図9は、具体的には、(1)ユーザの就労、(2)管理者端末12からの勤務情報の提供に続いて、以下の処理が時系列で実行される様子を示している。尚、
図9において、
図4に示す処理と同様の処理については、その説明を省略または簡略する。
【0074】
(6)雇用関係仲介サーバ20は、ユーザ端末14-1に、貸し付け情報を提供する。貸し付け情報には、貸し付け可能額と、貸し付け金利が含まれる。貸し付け可能額は、完了した未払いの労務の対価、つまり確定債権に基づく予定給与を上限とすることができる。また、貸し付け可能額は、次回の給与支給日までに予定されている未完の労務に対する対価を含む予定給与に基づいて設定してもよい。また、貸し付け可能額および金利には、勤務情報に含まれる勤務態度や勤務評定、更には勤続期間等に基づく優遇措置を反映させてもよい。また、雇用関係仲介サーバ20がアクセス可能なユーザの信用に関わるスコアを、その優遇措置に反映させることとしてもよい。優遇措置が反映された貸し付け可能額は、未確定債権を含む予定給与の額を超えるものであってもよい。
【0075】
(7)ユーザは、借り入れを受けたい場合は、ユーザ端末14-1を用いて借り入れを申請する。借り入れの申請は、貸し付け情報に含まれる返済条件に従う旨の宣誓、並びに借り入れ希望額を含む。
【0076】
(8)雇用関係仲介サーバ20は、ユーザからの借り入れの申請が貸し付けの条件を満たしている場合は、Payサーバ16に対して、貸し付け希望額の振り込みを依頼する。この際、Payサーバ16には、特定の返済日までに履行されるべき返済の額が同時に伝えられる。
【0077】
(9)上記の依頼を受けたPayサーバ16は、ユーザ端末14-1が所有するユーザの口座に貸し付け希望額を入金する。以後、Payサーバ16は、給与支給日に、ユーザの口座に給与が振り込まれたら、その後即座に返済額の引き落としを行う。
【0078】
以上の処理によれば、予定給与額を参照した電子マネーの貸し付けをユーザに提供することができる。貸し付けを受けたユーザは、給与支給日に先立って、借入金による経済活動を行うことができる。
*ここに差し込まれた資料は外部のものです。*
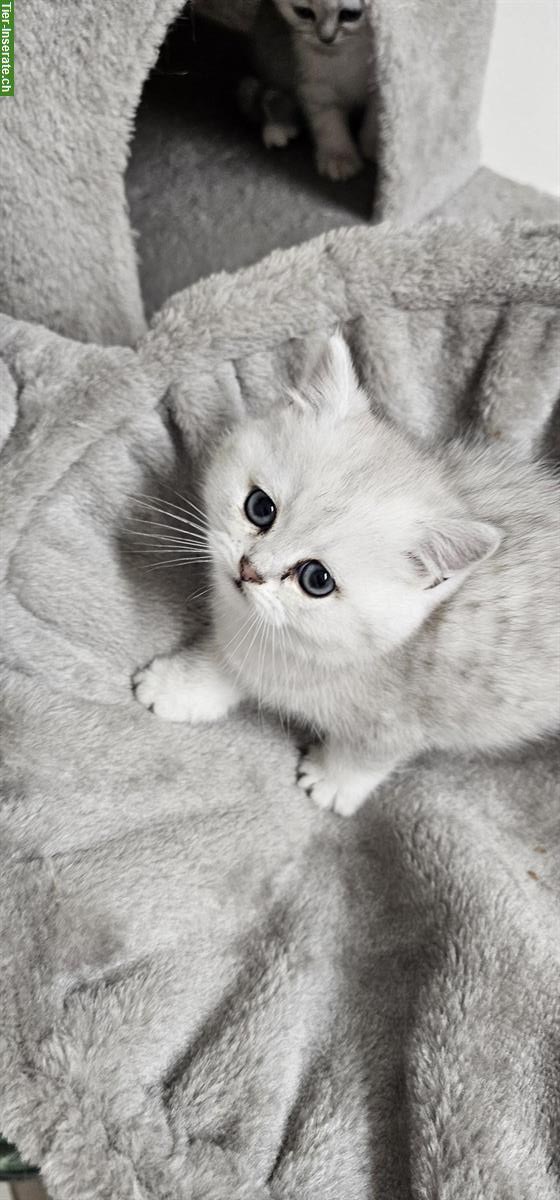 Bild 2: Reinrassige BKH Kitten in liebevolle Hände abzugeben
このため、本実施形態の電子決済システムによれば、実施の形態1の場合と同様に、給与の支払い予定があるユーザの消費心理を、給与が現実に支払われる前から刺激することができる。
【0079】
ところで、上述した実施の形態2では、未確定債権を含む予定給与の額を超える貸し付けを認めることとしている。ここでは、貸し付けの媒体が電子マネーに限定されているが、本開示はこれに限定されるものではない。例えば、実施の形態1における商品の提供を本実施形態に組み合わせて、借り入れによる高価商品の購入をユーザに可能ならしめてもよい。
【0080】
実施の形態3.
次に、
図1乃至
図4および
図9、並びに
図10を参照して、本開示の実施の形態3について説明する。本実施形態の電子決済システムは、実施の形態2の場合と同様に、
図1および
図2に示すハードウェア構成により実現することができる。また、このシステムは、
図3、
図4および
図9に示す流れに沿って、雇用のマッチング、給与の支払い、および電子マネーの貸し付けを行う点で実施の形態2の場合と同様である。本実施形態の電子決済システムは、ユーザの借り入れの状態に応じて、ユーザに適した求人情報をユーザ端末14に提供する点に特徴を有している。
【0081】
図10は、本実施形態において雇用関係仲介サーバ20が備える広告サーバ22の構成を、機能的に表したブロック図である。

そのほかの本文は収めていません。